_Exercise data_.

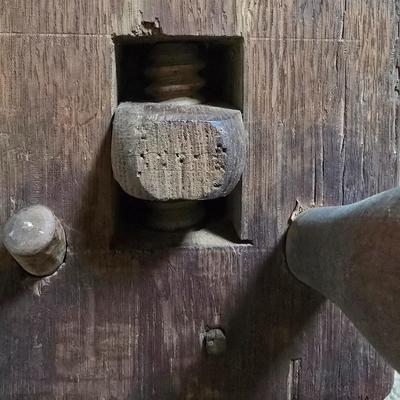 LOT 103L: Spinning Wheel and Wood Barrel
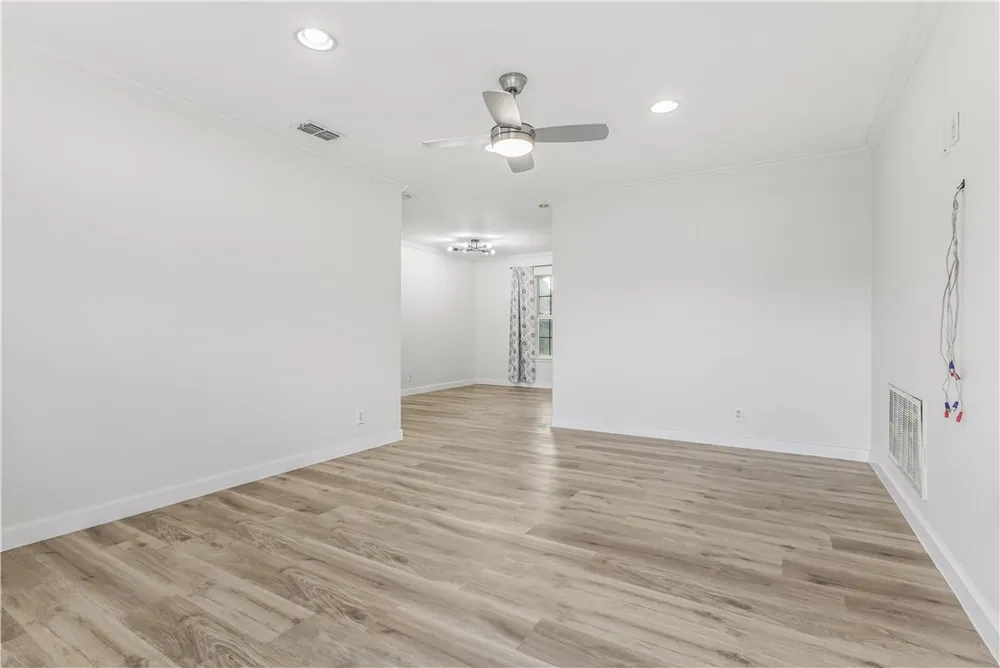 1109 Salem Drive Corpus Christi, TX 78412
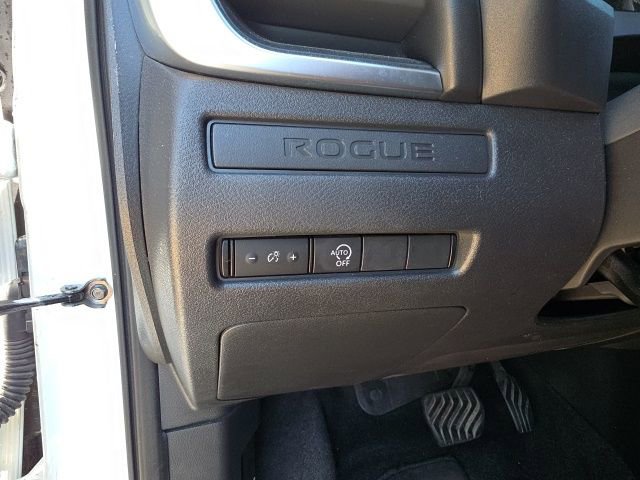 Used 2023 Nissan Rogue S image 14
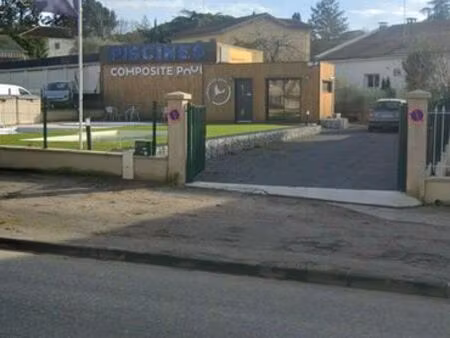 local + terrain commercial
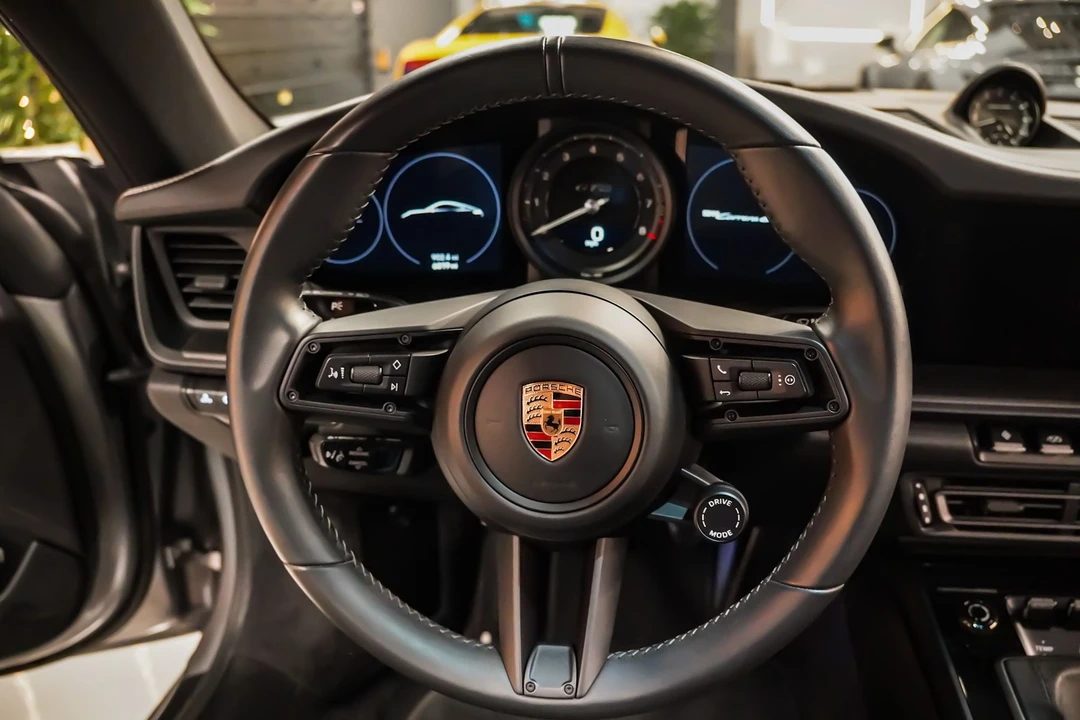 2022 Porsche 992 Carrera S - Image 5 of 14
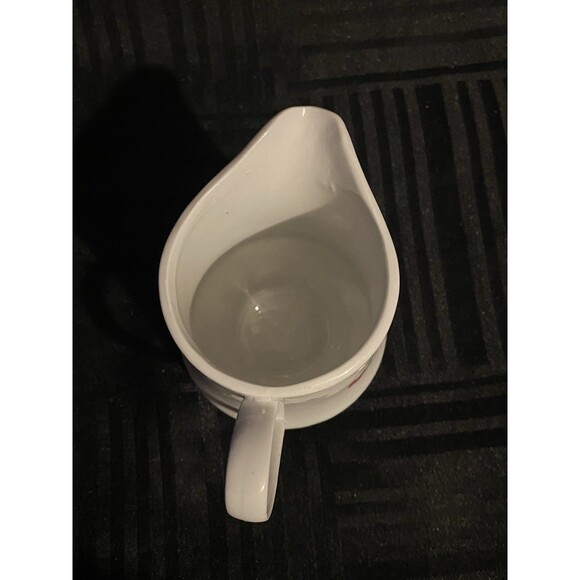 Christmas Holly Berry creamer and lidded sugar bowl set - Picture 9 of 10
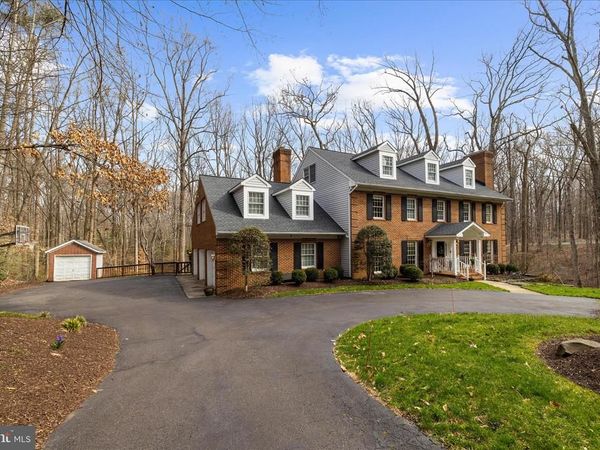 962 COACHWAY, ANNAPOLIS, MD 21401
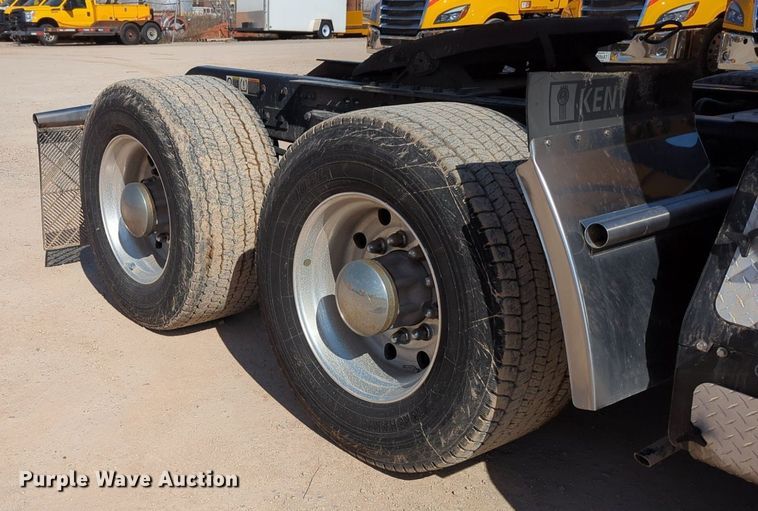 image for item NZ9279 2020 Kenworth T680 semi truck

_Your goal_.
For each record, return its text exactly and leave any picture out.

_Answer section_.
 LOT 103L: Spinning Wheel and Wood Barrel
 1109 Salem Drive Corpus Christi, TX 78412
 Used 2023 Nissan Rogue S image 14
 local + terrain commercial
 2022 Porsche 992 Carrera S - Image 5 of 14
 Christmas Holly Berry creamer and lidded sugar bowl set - Picture 9 of 10
 962 COACHWAY, ANNAPOLIS, MD 21401
 image for item NZ9279 2020 Kenworth T680 semi truck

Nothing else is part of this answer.